**Your instructions:**
What you return should be only the lines starting at the one that contains "Конструктор LEGO Star" and running to the end of the listing, exactly as written, minus any pictures.
⟨
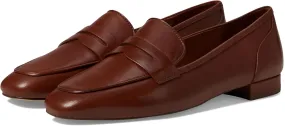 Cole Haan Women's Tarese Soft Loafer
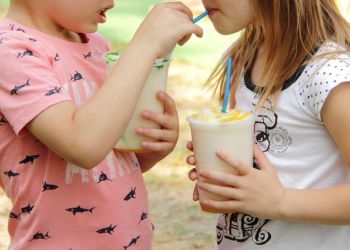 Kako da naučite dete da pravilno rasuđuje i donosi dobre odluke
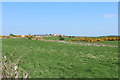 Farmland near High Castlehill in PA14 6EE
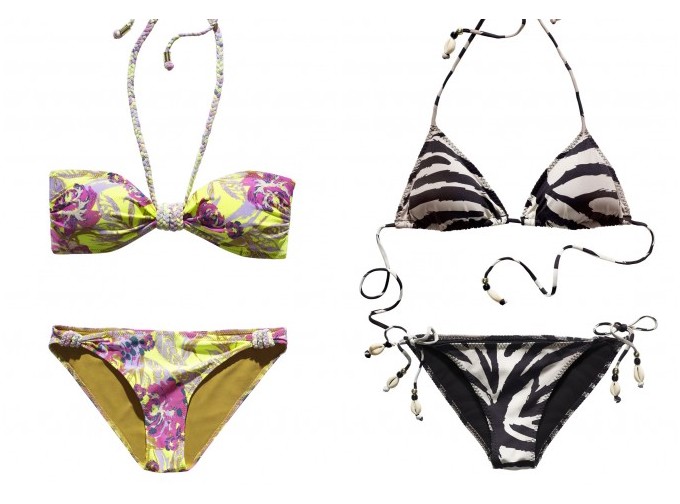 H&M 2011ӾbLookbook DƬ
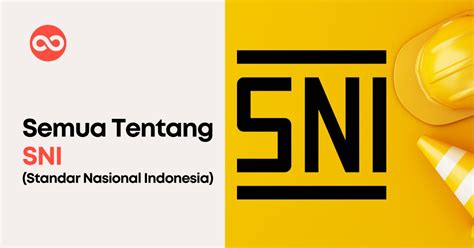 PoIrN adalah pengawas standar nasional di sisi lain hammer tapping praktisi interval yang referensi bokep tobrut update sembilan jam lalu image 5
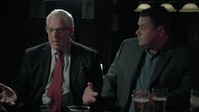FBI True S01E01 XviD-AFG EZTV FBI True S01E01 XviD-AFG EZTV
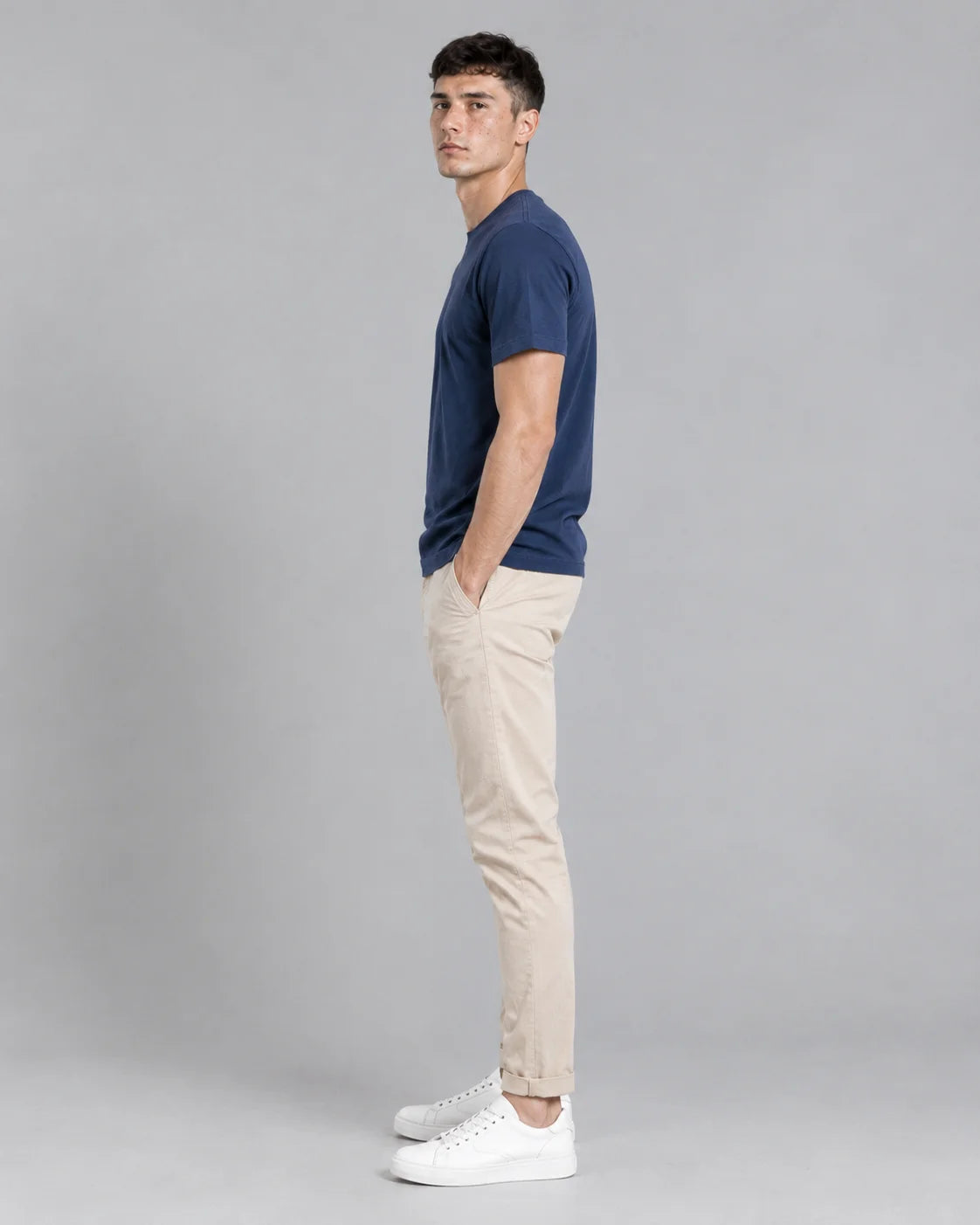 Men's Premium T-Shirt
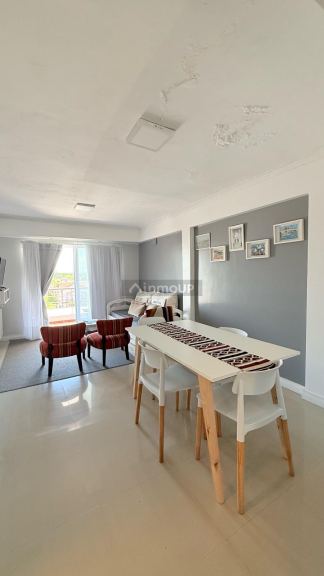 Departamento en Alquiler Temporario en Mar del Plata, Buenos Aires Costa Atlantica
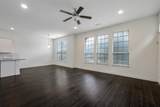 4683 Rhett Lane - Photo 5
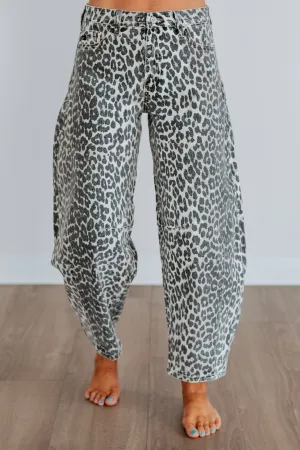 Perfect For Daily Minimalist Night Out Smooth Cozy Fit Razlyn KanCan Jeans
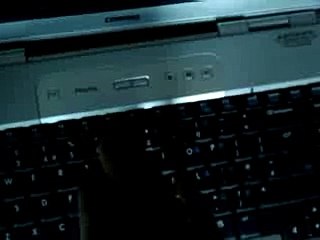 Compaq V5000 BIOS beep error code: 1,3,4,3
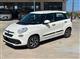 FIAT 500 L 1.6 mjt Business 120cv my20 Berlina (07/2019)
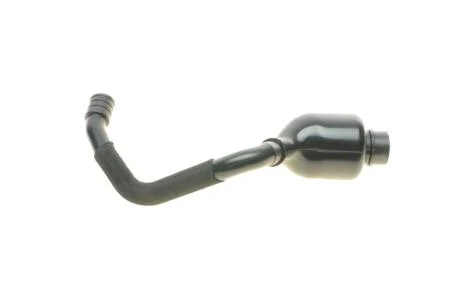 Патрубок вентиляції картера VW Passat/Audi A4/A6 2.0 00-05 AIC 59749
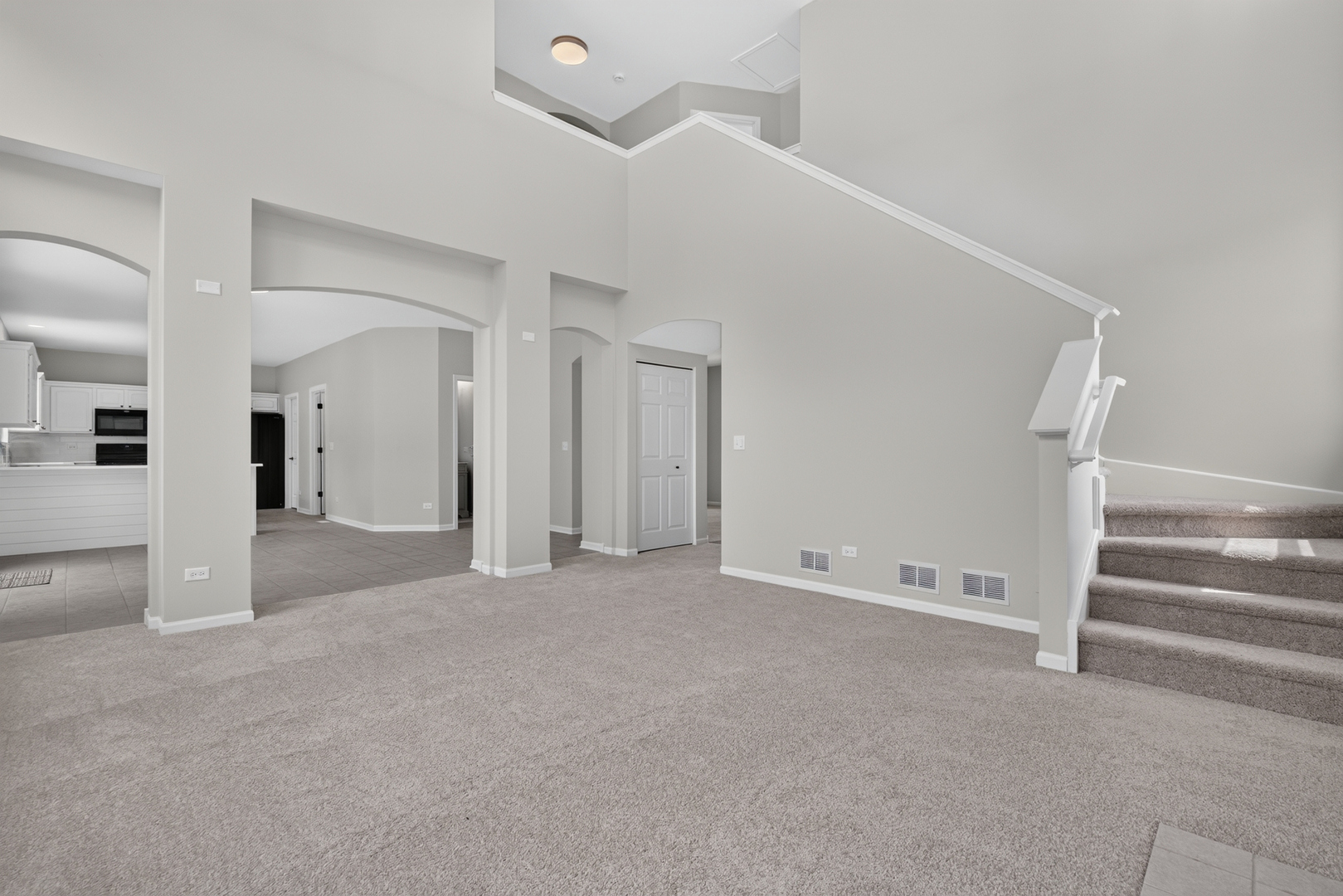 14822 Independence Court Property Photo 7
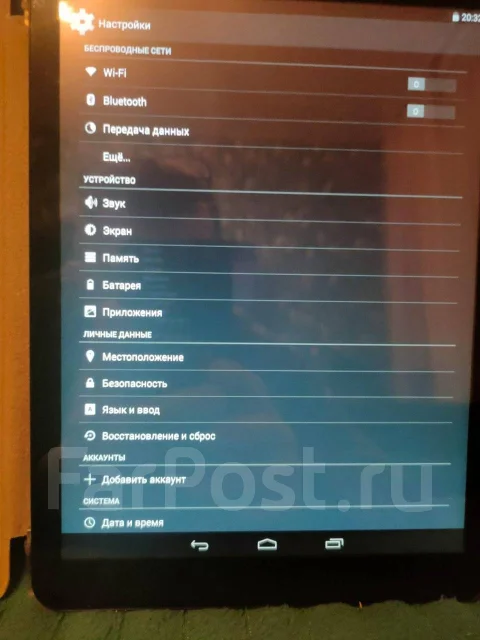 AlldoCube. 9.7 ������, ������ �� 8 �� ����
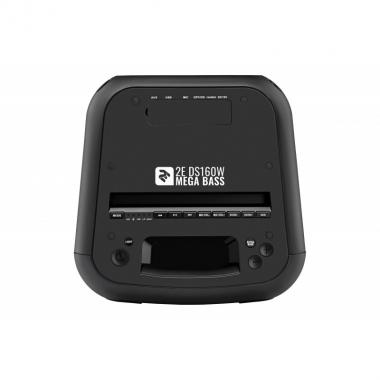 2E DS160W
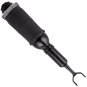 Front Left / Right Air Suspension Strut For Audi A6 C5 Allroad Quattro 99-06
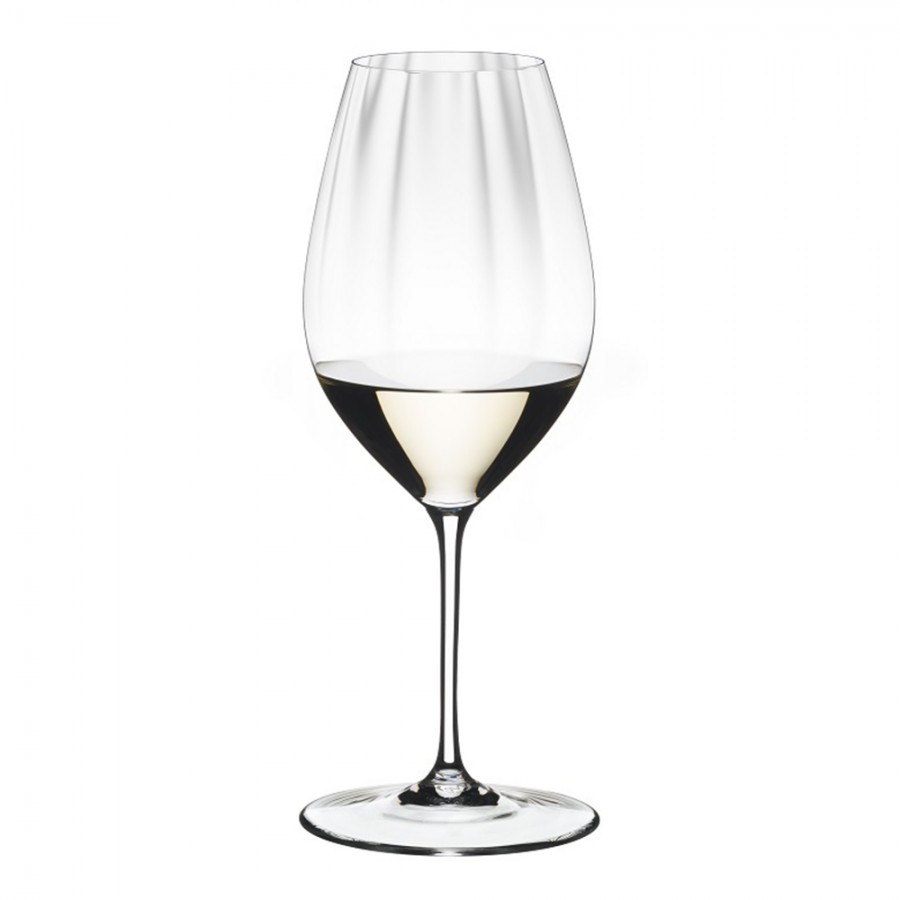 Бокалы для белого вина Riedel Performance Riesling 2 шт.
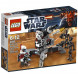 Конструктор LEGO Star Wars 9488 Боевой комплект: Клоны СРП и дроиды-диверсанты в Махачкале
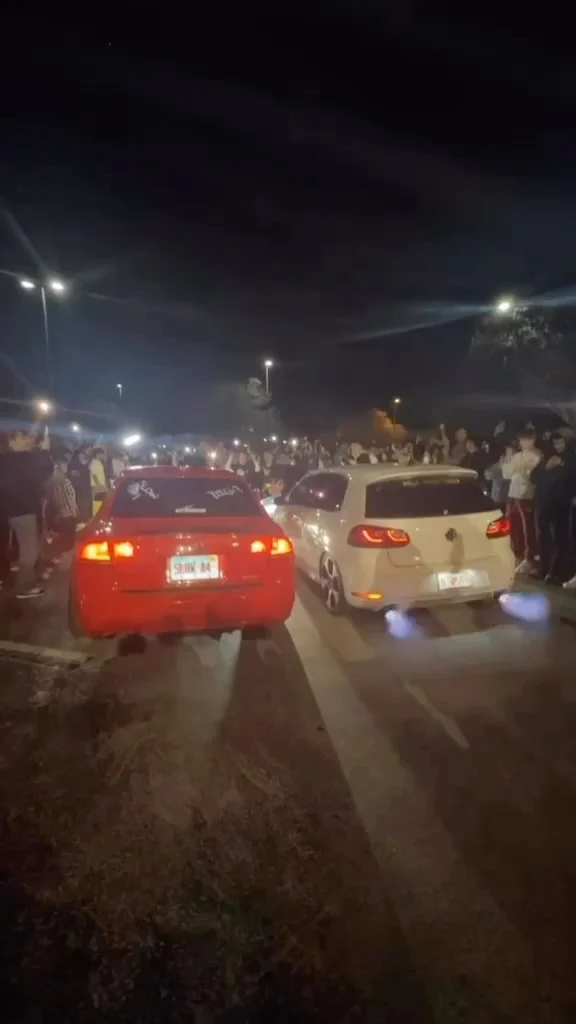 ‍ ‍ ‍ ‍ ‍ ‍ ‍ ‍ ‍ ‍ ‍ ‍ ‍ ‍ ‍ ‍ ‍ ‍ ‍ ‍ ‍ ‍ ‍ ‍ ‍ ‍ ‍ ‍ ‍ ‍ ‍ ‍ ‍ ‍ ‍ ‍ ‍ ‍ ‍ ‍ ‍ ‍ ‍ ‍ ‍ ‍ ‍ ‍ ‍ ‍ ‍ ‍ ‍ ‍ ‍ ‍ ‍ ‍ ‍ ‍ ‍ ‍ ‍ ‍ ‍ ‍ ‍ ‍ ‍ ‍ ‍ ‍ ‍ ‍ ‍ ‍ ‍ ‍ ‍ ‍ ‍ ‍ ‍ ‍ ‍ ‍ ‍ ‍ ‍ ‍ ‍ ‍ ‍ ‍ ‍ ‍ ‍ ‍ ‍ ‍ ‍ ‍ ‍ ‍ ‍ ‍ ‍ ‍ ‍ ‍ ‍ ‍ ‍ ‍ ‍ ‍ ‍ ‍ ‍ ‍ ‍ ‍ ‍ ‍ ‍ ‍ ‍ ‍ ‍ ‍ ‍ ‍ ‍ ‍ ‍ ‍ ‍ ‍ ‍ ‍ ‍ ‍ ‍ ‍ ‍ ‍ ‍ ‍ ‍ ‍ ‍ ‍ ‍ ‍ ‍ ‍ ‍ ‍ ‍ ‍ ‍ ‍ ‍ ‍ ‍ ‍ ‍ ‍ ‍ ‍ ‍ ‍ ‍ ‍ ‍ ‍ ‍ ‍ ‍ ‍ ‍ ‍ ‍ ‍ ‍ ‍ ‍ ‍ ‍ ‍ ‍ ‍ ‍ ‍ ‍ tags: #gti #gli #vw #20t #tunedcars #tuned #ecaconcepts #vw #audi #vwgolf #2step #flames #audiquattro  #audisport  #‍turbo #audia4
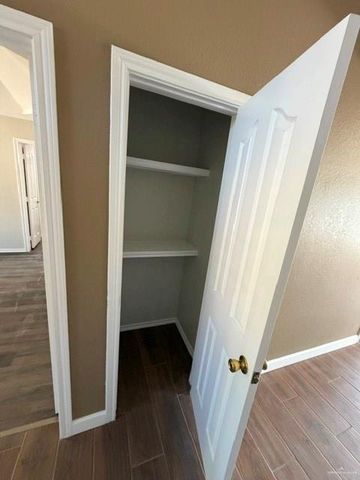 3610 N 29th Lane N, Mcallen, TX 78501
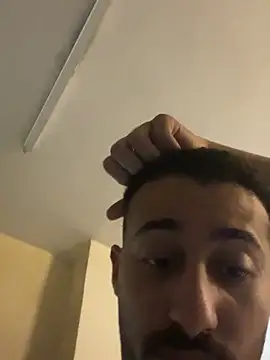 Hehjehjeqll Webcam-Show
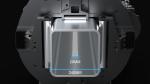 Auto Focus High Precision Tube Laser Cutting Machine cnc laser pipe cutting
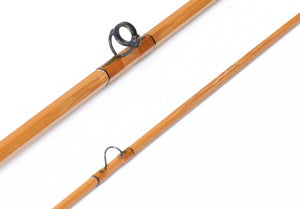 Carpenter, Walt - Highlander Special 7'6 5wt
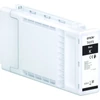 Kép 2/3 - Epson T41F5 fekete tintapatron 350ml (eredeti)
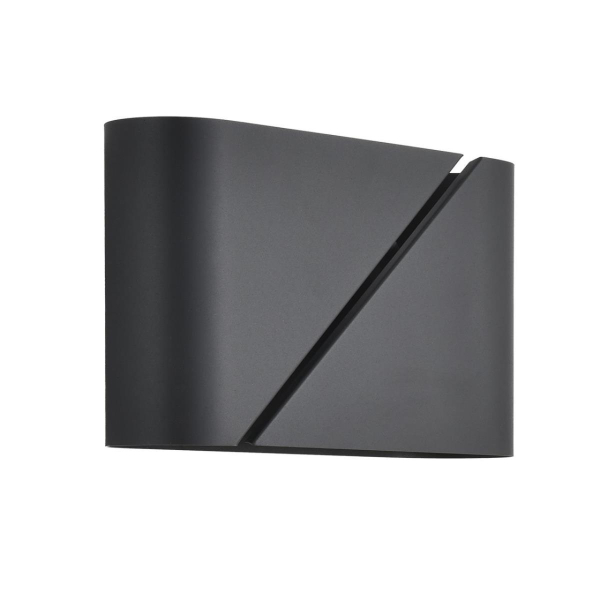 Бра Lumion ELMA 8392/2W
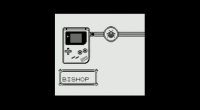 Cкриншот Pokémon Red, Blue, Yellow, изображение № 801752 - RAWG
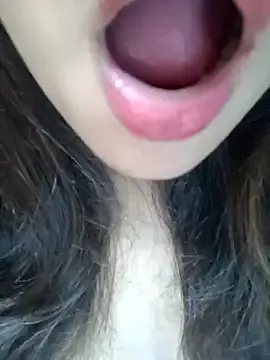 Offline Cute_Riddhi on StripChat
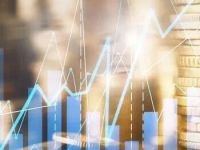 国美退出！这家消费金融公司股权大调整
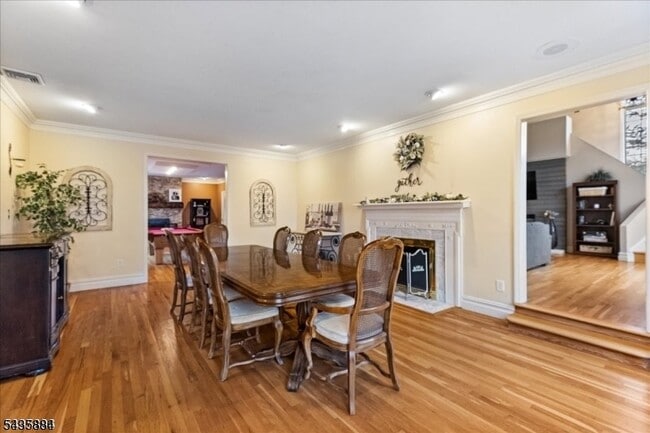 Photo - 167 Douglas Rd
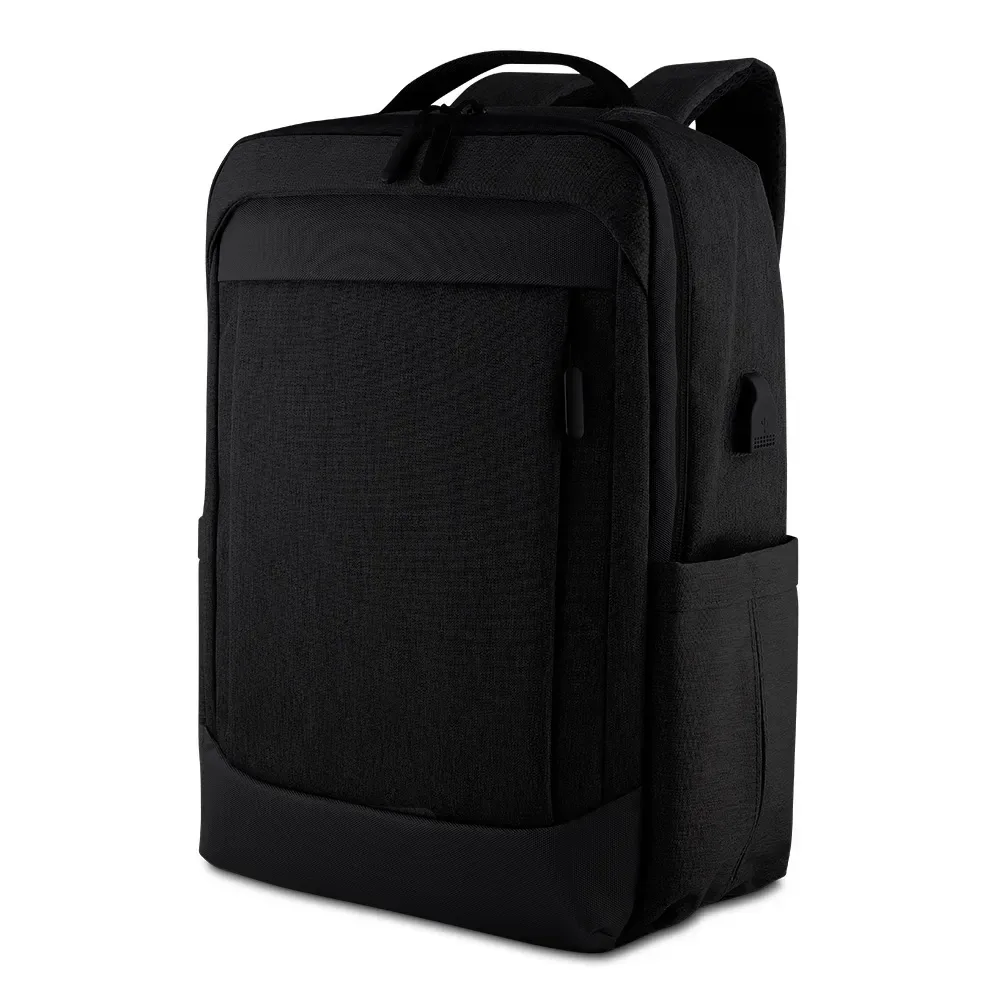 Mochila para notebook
⟩
**Written response:**
 Конструктор LEGO Star Wars 9488 Боевой комплект: Клоны СРП и дроиды-диверсанты в Махачкале
 ‍ ‍ ‍ ‍ ‍ ‍ ‍ ‍ ‍ ‍ ‍ ‍ ‍ ‍ ‍ ‍ ‍ ‍ ‍ ‍ ‍ ‍ ‍ ‍ ‍ ‍ ‍ ‍ ‍ ‍ ‍ ‍ ‍ ‍ ‍ ‍ ‍ ‍ ‍ ‍ ‍ ‍ ‍ ‍ ‍ ‍ ‍ ‍ ‍ ‍ ‍ ‍ ‍ ‍ ‍ ‍ ‍ ‍ ‍ ‍ ‍ ‍ ‍ ‍ ‍ ‍ ‍ ‍ ‍ ‍ ‍ ‍ ‍ ‍ ‍ ‍ ‍ ‍ ‍ ‍ ‍ ‍ ‍ ‍ ‍ ‍ ‍ ‍ ‍ ‍ ‍ ‍ ‍ ‍ ‍ ‍ ‍ ‍ ‍ ‍ ‍ ‍ ‍ ‍ ‍ ‍ ‍ ‍ ‍ ‍ ‍ ‍ ‍ ‍ ‍ ‍ ‍ ‍ ‍ ‍ ‍ ‍ ‍ ‍ ‍ ‍ ‍ ‍ ‍ ‍ ‍ ‍ ‍ ‍ ‍ ‍ ‍ ‍ ‍ ‍ ‍ ‍ ‍ ‍ ‍ ‍ ‍ ‍ ‍ ‍ ‍ ‍ ‍ ‍ ‍ ‍ ‍ ‍ ‍ ‍ ‍ ‍ ‍ ‍ ‍ ‍ ‍ ‍ ‍ ‍ ‍ ‍ ‍ ‍ ‍ ‍ ‍ ‍ ‍ ‍ ‍ ‍ ‍ ‍ ‍ ‍ ‍ ‍ ‍ ‍ ‍ ‍ ‍ ‍ ‍ tags: #gti #gli #vw #20t #tunedcars #tuned #ecaconcepts #vw #audi #vwgolf #2step #flames #audiquattro  #audisport  #‍turbo #audia4
 3610 N 29th Lane N, Mcallen, TX 78501
 Hehjehjeqll Webcam-Show
 Auto Focus High Precision Tube Laser Cutting Machine cnc laser pipe cutting
 Carpenter, Walt - Highlander Special 7'6 5wt
 Kép 2/3 - Epson T41F5 fekete tintapatron 350ml (eredeti)
 Бра Lumion ELMA 8392/2W
 Cкриншот Pokémon Red, Blue, Yellow, изображение № 801752 - RAWG
 Offline Cute_Riddhi on StripChat
 国美退出！这家消费金融公司股权大调整
 Photo - 167 Douglas Rd
 Mochila para notebook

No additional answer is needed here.